If so then there is no reason for your account to be frozen, if not then sadly they will keep it frozen until your next salary is deposited.

I'd go and speak to a branch manager there, explain the situation, take offer letters and all documentation with you.

And once i'd paid the loan off I'd move bank.


----------



## kathia88 (Sep 6, 2017)

The Rascal said:


> QUick question, does the amount of gratuity exceed the outstanding loan? ie, after paying back your outstanding loan (in full) would you have a positive balance?
> 
> If so then there is no reason for your account to be frozen, if not then sadly they will keep it frozen until your next salary is deposited.
> 
> ...


Thank you for the quick response. Sad to say that I still have the balance. Well, the best thing I can do is to speak the branch manager. Just hoping that they will grant my request. 

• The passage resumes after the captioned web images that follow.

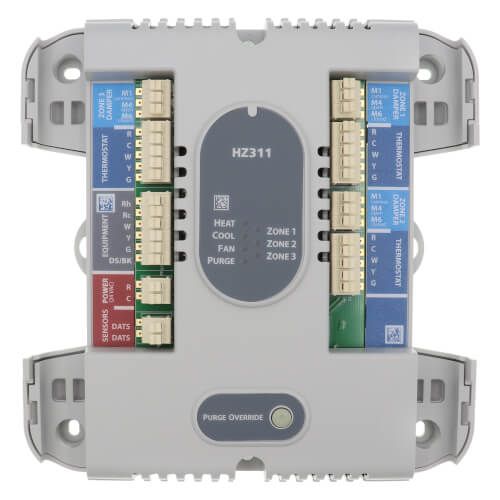 Honeywell Home HZ311K - TrueZONE Kit with DATS, Transformer and HZ311 Panel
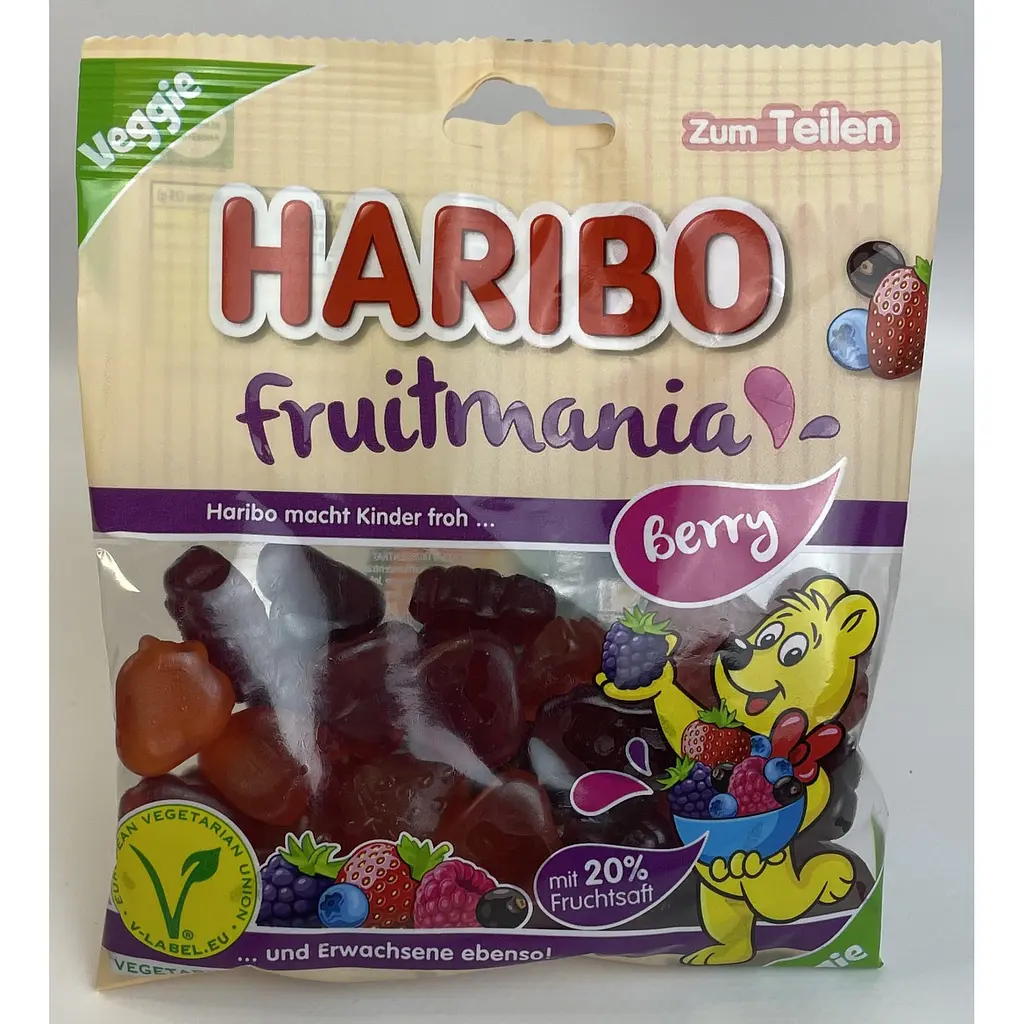Желейки Haribo Fruitmania Berry 160г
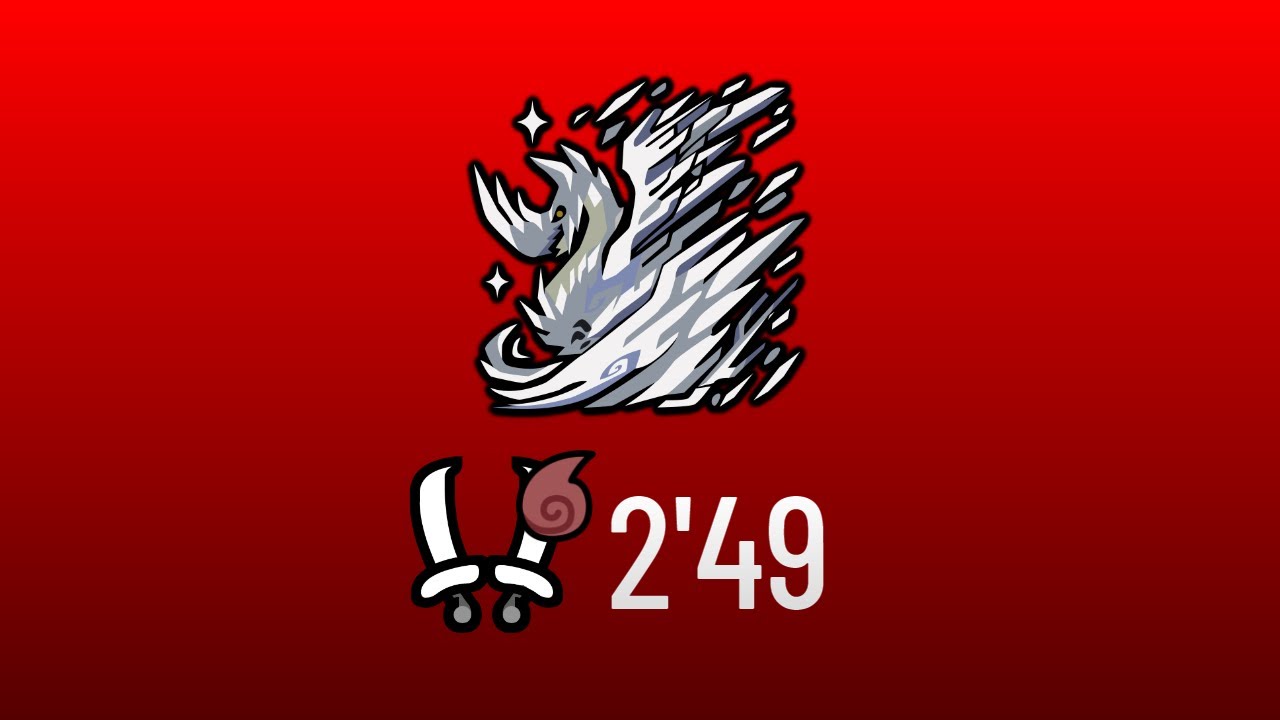 MHW:Iceborne PC - Velkhana Solo | Dual Blades | 2'49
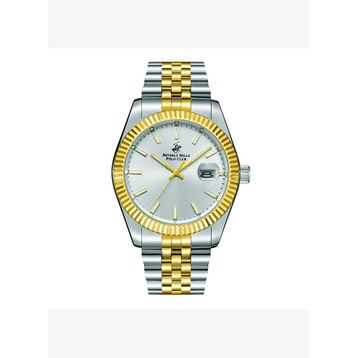 Beverly Hills Polo Club BP3018X.230 Gri Erkek Kol Saati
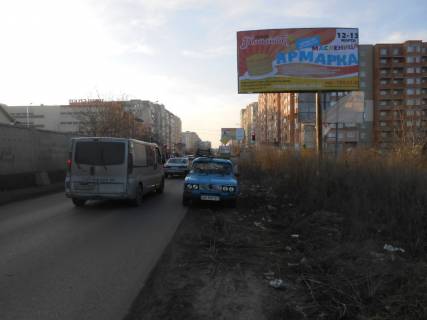 Billboard A in Odessa, 3х6  Zabolotnogo-Saharova A (trcRiv'era) Photo 1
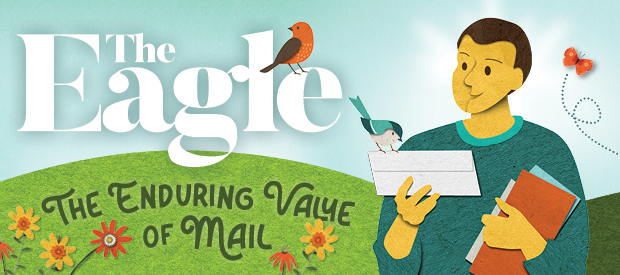 Thumbnail of the latest Eagle magazine promo cover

Last question, is there any case to the bank that they grant that kind of issue?


----------



## Chocoholic (Oct 29, 2012)

Unfortunately this is common practice, and moving banks won't solve it as they ALL do it. For future reference, when leaving a position, request that the company only put your last salary in your account and give you your gratuity as a separate cheque. Also open another account elsewhere and keep that for rental use - I do this. as it prevents these issues.

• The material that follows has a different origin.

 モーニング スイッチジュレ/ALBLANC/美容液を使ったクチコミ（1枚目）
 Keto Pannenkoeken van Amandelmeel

All you can do is please your case, but in my experience unless they see that visa actually stamped in your passport, they won't budge. When my bank did this, I was still able to withdraw cash, I just couldn't do any other transactions and my last salary amount was frozen and held against my loan.

But explain to them that you need to pay your rent, they really can't stop you doing that, and you can raise a complaint with Central Bank if they do - threaten them with that.


----------



## Kenzie (Mar 12, 2016)

Same thing happened to me recently. I'm not sure if it's different from bank to bank, but they didn't ask me anything about my visa. All I had to do was ask my new employee for 1) a salary certificate and 2) confirmation of salary transfer letter. Brought those to the bank and they began the process of unblocking my accounts. Took a week. Have you tried that? If not, worth a shot? I know how frustrating it is, hope you can sort it out before your rent is due.


----------